Assignment >> Please repeat, exactly and without pictures, the lines of the entries below that run from the one containing "Building Photo - Spacious" through the one containing "cu ba 71 tuoi".

Data supplied >>

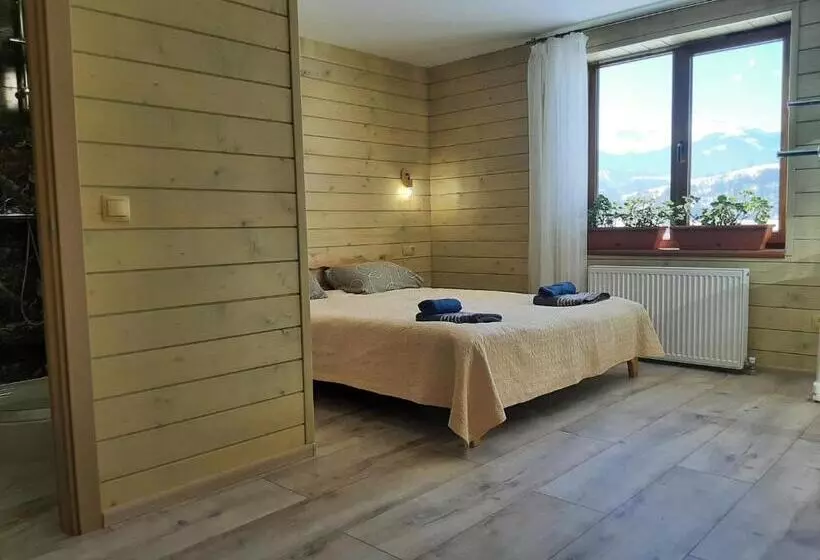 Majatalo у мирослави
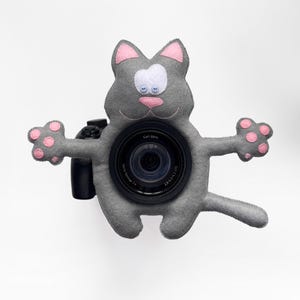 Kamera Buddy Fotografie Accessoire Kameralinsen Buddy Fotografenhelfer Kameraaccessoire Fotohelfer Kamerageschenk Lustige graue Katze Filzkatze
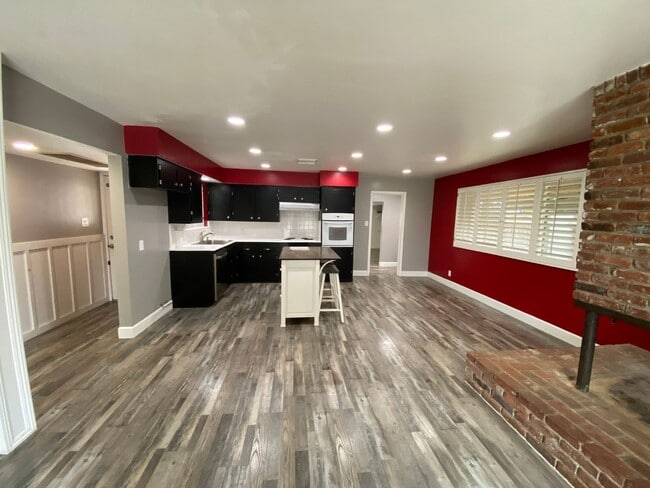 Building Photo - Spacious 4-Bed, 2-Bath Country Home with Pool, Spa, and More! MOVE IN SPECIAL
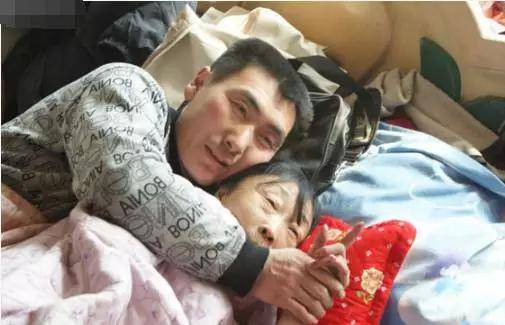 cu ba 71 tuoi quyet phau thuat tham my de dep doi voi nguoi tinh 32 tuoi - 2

--

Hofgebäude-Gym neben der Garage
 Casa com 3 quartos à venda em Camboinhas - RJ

Exercise result >>
 Building Photo - Spacious 4-Bed, 2-Bath Country Home with Pool, Spa, and More! MOVE IN SPECIAL
 cu ba 71 tuoi quyet phau thuat tham my de dep doi voi nguoi tinh 32 tuoi - 2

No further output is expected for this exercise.